Arbestian ve ark (2001), Kuzey-Batı İspanya’nın andik toprak özelliklerine sahip topraklarında sülfat tutulmasını ve Al içeriği ile ilişkisini araştırmışlardır. Çeşitli volkanik ana materyaller üzerinde oluşmuş 19 toprak profilinin örneklendiği çalışmada toprağa 0,4 M sülfat çözeltisi ilave edilmiştir. Yüzey horizonlarında sülfat tutulması NaOH’da, oksalatta ve phyrofosfatta ekstrakte edilebilir Al ile pozitif (P< 0,01) ilişkili bulunmuştur. Bütün horizonlardan alınan veriler dikkate alındığında, sülfat tutulmasıyla oksalatta ekstrakte edilebilir Al arasındaki ilişki belirgin şekilde azalmıştır.

Poulenard ve ark (2001), Ekvator bölgesinden Paromo Andisollerinde iki farklı alanda uygulanan toprakların hidrodinamik özellikleri üzerine arazi kullanımının etkisini araştırmışlardır. Doğal hali bozulmamış topraklarda infiltrasyon oranı yüksek ve toprak kaybının az olduğu bulunmuştur. Sonuç olarak arazi kullanımlarının değişmesi doymuş hidrolik iletkenliği azaltmış, yüzey akışını önemli ölçüde arttırmıştır. Yeni işlenmiş topraklarda yağmur damlasının kabuk oluşumuna neden olduğu belirlenmiştir.

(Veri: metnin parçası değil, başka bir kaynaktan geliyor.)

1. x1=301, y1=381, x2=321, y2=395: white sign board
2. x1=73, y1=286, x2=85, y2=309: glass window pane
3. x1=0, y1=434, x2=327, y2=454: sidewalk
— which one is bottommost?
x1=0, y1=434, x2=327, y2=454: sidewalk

Parfitt ve ark (1980), volkan külü toprakları ve tefradan meydana gelmiş iki çeşit allofanın yapısını ve tanımlamasını araştırmışlardır. Bunun için kızılötesi spektrokopi, X ışını floresans ve fosfat adsorbsiyon yöntemleriyle allofan içeren örnekler incelenmiştir. Al/Si oranları 2’ye yakın olanlar allofanların kızılötesi spektraları, allofan küreciklerinin duvarlarının içinde imogolite benzer bir şekilde oluştuğu saptanmıştır. Sonuçlar, Al’nin yapısal iskeletinde bir Al oktahedral tabakanın bulunabileceğini ortaya koymuştur. Al/Si oranı 1’e yakın olanlar allofanlarda sıkıştırılmış silika birimleri, Al oktahedral tabakaların dışında hallosite

(16)

benzer bir yapı gösterirken, iç yüzeyde imogolit benzeri bir yapı göstermiştir. Al/Si oranı 1 ile 2 arasında olan allofanların proto imogolit ile allofan (Al/Si =1) yapılarının karışımından olduğu saptanmıştır.

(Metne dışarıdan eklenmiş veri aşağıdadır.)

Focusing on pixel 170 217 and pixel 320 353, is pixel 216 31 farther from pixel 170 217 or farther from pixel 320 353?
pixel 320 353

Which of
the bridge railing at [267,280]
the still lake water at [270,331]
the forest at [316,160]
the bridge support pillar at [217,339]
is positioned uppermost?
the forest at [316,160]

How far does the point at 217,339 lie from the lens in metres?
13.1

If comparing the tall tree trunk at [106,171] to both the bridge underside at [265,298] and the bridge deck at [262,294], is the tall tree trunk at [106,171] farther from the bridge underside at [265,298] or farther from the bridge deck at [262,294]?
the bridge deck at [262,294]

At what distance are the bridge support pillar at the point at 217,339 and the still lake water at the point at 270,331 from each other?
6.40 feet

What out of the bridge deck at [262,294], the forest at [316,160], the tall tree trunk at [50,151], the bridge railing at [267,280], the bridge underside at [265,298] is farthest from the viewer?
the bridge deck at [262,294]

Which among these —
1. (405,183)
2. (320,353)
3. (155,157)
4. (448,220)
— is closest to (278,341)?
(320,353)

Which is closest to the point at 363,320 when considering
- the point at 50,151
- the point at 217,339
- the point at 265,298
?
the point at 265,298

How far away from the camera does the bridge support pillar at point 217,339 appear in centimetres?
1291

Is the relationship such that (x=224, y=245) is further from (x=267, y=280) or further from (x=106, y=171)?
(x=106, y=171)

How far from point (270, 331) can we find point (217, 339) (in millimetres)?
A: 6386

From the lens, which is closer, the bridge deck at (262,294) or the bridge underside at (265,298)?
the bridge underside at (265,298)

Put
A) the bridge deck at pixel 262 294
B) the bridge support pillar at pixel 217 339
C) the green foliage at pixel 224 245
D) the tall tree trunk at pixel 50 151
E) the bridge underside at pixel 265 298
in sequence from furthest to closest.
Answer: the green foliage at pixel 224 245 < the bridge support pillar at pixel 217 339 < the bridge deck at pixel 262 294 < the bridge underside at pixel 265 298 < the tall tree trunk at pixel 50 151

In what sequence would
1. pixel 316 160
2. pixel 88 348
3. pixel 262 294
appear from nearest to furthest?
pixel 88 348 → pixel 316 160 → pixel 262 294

Parfitt ve Saigusa (1985), Yeni Zelenda’da aynı volkan külü kaynağından oluşmuş Spodosol ve Andept olarak sınıflanmış topraklarda allofan ve humus-alüminyumu araştırmışlardır. Sonuçlar toprak örneklerinde organik maddenin, humus-Al komplekslerinin baskın form olmasından dolayı, Si ve Al’nin çökelmesini yavaşlattığını göstermiştir. Bununla beraber,organik maddenin allofan oluşumunu engellediği ve bunda humus-Al kompleks oluşumunun önemli rol oynadığı belirlenmiştir.

Dubroeucq ve ark. (2002), Meksika’da volkanik yüksek arazilerde Andisollerin biyolojik ve mineralojik özelliklerini araştırmışlardır. Meksika’nın dağlık otlaklarında, çok yıllık otlar ve siyah Andisoller hem biogenik hem de mineral ürünleri karşılıklı etkileyen toprak oluşum mekanizması yapısı içinde bulunmaktadır. Bu ekosistem içinde, tipik volkanik yüksek arazileri, bir katena halinde profiller boyunca; toprak örneklerinin makro ve mikro morfolojisi tarama ve geçirimli elektron mikroskop (TEM), infra-red yansıtması ve humik asit ekstrakları, radyoaktif karbon ömürleri ve polen kayıtları, toprak nemi ve mevcut su belirlenmesi ve toprak su analizleri çalışılmıştır. Toprak yaşı Andisollerde ilerledikçe mineral oluşumu da imogolit ve gibsit gibi Al ca zengin minerallerden daha çok allofan ve hallosite doğrudur. Ayrıca toprak çözeltisinde yüksek miktarda Si içeriği dikkat çekmektedir. Meksika’nın dağlık alanlarında bulunan siyah Andisoller yüksek su ve karbon biriktirme kapasitesine sahiptir. Sonuç olarak bu bölgedeki patates tarımı için tahrip edilen otlak alanlarında bulunan siyah Andisoller, bu tahripten etkilenerek su rezervlerinin gelecekte azalacağına dikkat çekilmiştir.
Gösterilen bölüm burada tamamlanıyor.